Follow along with us as we reminisce!
You could say GGC’s Lynn Rimsky has a “curiosity killed the cat” type of personality. She has always been fascinated by science and how things work – asking “how” or “why?” Naturally, this led her to pursue a career in science.
Lynn joined GGC in 1996 as a technologist in the molecular diagnostic laboratory under the leadership of John Longshore, PhD. It was the era of single gene Sanger sequencing and when radioactivity was used for southern blots, and before chromosomal microarrays, NGS panels, and whole exome sequencing.
Lynn transferred to the Division of Research in 2006 to work under Dr. Anand Srivastava in his autism research.

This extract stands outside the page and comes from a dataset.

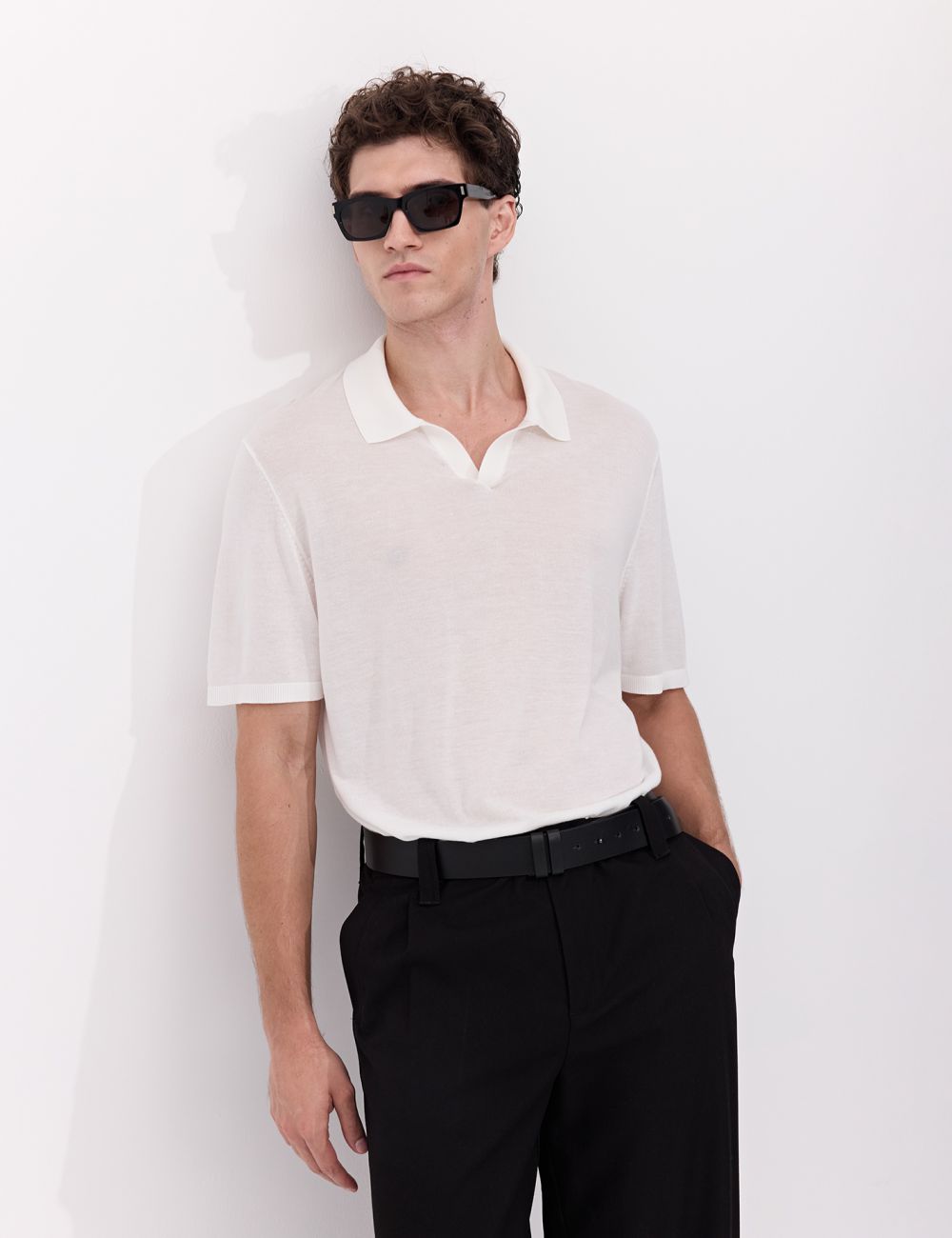 פולו סריג עם מפתח v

Dr. Srivastava’s team focused on comparing blood samples from patients with autism to healthy controls in hopes of identifying differences in the gene(s) of interest in order to explain the patient’s diagnosis of autism. For example, if a patient with autism had a translocation (when a piece of one chromosome breaks off and attaches to another chromosome), the team would narrow down the breakpoints on the chromosomes, determine if any gene(s) of interest were located near the breakpoint, and amplify the area to compare it against the control samples.

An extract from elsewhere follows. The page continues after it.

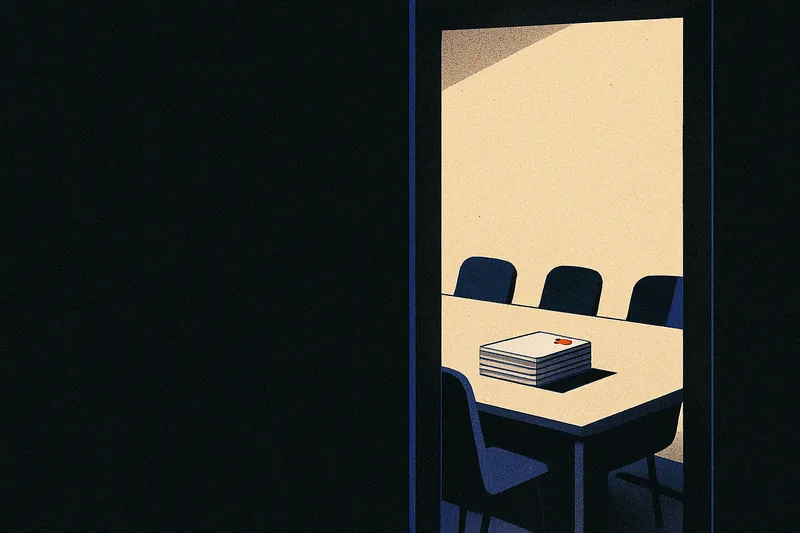 A lit conference room seen through a half-open doorway from a dark corridor, a stack of printouts marked with an ember-orange tab on the table.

In 2018, when Dr. Rich Steet and Dr. Heather Flanagan-Steet assumed the positions of Director of Research and Director of Functional Studies, respectively, the focus of GGC’s research evolved into studying rare metabolic diseases. Lynn’s work shifted to a class of rare conditions called Congenital Disorders of Glycosylation (CDGs) where she conducts experiments to better understand how these genes function and the clinical features they cause.
CDGs are genetic conditions characterized by defects in enzymes and proteins that function to attach sugar molecules to proteins or lipids, leading to a wide range of symptoms affecting multiple organ systems. Lynn was fast at work exploring enzyme activity and glycosylation patterns in zebrafish centered around a gene with a human counterpart, in this case, PMM2. Having a better understanding of PMM2’s function and the disease mechanism allows for the possibility of medical intervention for patients with a CDG.

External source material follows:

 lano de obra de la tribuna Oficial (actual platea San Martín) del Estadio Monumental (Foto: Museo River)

We often think of the idiom, “Curiosity killed the cat,” meaning you should be cautious about asking too many questions. But what if I told you curiosity didn’t kill the cat after all? Actually, the complete idiom is, “Curiosity killed the cat, but satisfaction brought it back.” And for Lynn, this means the information you seek may be hard to acquire, but the satisfaction of discovery is worth the journey. If you now think of that in terms of genetic research, curiosity, like that of Lynn and her research colleagues is not only bringing satisfaction to GGC scientists, but it is providing hope to the many patients and families around the world who need answers and treatments.
Of course, Lynn enjoys the day-to-day work of her job, but more importantly, she understands that when it comes to medical research, there is no such thing as too small of a discovery. Future breakthroughs and cures are built off the small discoveries. And that is worth the curiosity.